Speaking of racism again, when people in our poorest cities struggle to find jobs, is it because of bigotry, or because our elites have spent 40 years cutting out the bottom of the labor market with nearly unlimited illegal immigration that we could easily stop but choose not to?
We’re on track to have 1.7 million illegal immigrants be apprehended at the border this fiscal year. About half of those people will simply be released into the United States until they have their “day in court,” for which they don’t actually have to show.
This isn’t some fact of nature. We know what’s really happening. We’ve chosen to have a broken system. Our leaders choose every day not to fix it.
And how about at the other end of things? In many parts of the country, small businesses say they can’t find people who will show up to work. Is that because everyone suddenly decided they hated being employed? Or could it be that our own governments have paid millions of people just as much or more to stay home than they used to earn working?
If you could earn the exact same amount for doing nothing, would you? A lot of people said yes.
We hear that the Capitol riot was an assault on our democracy, but what puts our democracy in more danger? Some unarmed 50-year-old men cavorting in the Rotunda, or a government that sits paralyzed while private equity loots small towns, tech behemoths monopolize free speech, and H.R. departments force you to pledge allegiance to a rainbow flag?
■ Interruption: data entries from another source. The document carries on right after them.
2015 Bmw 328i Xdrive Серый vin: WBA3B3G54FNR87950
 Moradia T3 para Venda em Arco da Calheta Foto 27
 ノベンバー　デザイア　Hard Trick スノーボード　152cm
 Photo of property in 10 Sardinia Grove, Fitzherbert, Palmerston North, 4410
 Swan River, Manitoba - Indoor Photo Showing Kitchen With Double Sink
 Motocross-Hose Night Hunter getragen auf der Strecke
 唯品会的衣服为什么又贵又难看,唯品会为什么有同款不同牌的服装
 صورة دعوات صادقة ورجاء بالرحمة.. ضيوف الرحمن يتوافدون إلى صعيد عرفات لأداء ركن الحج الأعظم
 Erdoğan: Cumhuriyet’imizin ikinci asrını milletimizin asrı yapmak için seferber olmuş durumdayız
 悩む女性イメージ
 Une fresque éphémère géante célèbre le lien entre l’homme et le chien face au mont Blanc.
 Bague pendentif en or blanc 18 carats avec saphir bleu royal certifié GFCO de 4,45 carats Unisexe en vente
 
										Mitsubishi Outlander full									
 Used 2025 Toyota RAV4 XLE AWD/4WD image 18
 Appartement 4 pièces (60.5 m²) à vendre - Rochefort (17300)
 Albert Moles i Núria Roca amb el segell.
And let’s be clear: Conservatives can be just as guilty of consuming the junk food of daily news-cycle distractions. How many Republicans are talking about Nikki Minaj three days after Gen. Mark Milley told Bob Woodward he committed treason?
Or how about the war in Afghanistan, which ended in cataclysmic national humiliation? How many Republicans bashing the Biden administration’s handling of that retreat are just using it as just an excuse to hurt the other guy and hope they win in 2022? How many are willing to confront the deep, decades-long rot that is the actual reason we lost in Afghanistan?
Not many. That would require admitting that our military has been badly mismanaged by Republicans as well as Democrats.
Good government is hard. It’s often boring and unrewarding. Some of the most important policies we can enact won’t make for a good cable news hit — but we need them.
It’s difficult to stay focused: We exist in perpetual distraction entirely dictated by the latest news item or communication flashing across our smart phones. We’re connected (and addicted) to flashing images, to remote work, to easy lust and self-affirming outrage; and all we need to do to release a dopamine hit is touch a button on our phone.
It’s distracting us, it’s making us stupid, and it’s taking our eyes off the ball. There’s no grand conspiracy here — we choose to consume the junk food, the junk news, the junk entertainment. Now, it’s time to disconnect.
America is sick. It’s a sickness that started years ago, but we still refuse to acknowledge it. Instead, we talk on and on and on about COVID or racism or a riot, like an ill person blaming the weather or smog or our neighbor’s dog keeping us awake at night.
But the problems don’t care about our excuses or our explanations — they simply are, and they’re getting worse every day. If we don’t make the choice to confront it directly, it will kill us.